MapReduce is a framework for processing massive amounts of data in a parallel or distributed way either on a single machine or on a cluster of multiple nodes. It is the programming model widely used in the Hadoop ecosystem for data processing. MapReduce breaks down a given job into a number of map and reduce tasks, spanning them over a cluster of computers, and has built-in fault tolerance to recover any failed tasks. MapReduce abstracts the underlying complexity inherent in distributed computing and presents the user with a framework to focus on the data problem at hand.

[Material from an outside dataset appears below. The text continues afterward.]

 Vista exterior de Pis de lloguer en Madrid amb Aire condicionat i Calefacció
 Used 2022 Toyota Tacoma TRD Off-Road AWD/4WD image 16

Pig is a programming language developed to make development of data cleansing and processing workflows in the Hadoop ecosystem easier. Unlike MapReduce where every data problem needs to be conformed to fit the Map and Reduce tasks, Pig offers a high level language called Pig Latin. Pig Latin allows for writing data processing applications using general operations like joins, filters, groupings, etc. Pig ultimately translates Pig Latin operation into a series of MapReduce tasks. Pig lets users load data from Hadoop HDFS, perform ad-hoc analysis and store processed data back to HDFS.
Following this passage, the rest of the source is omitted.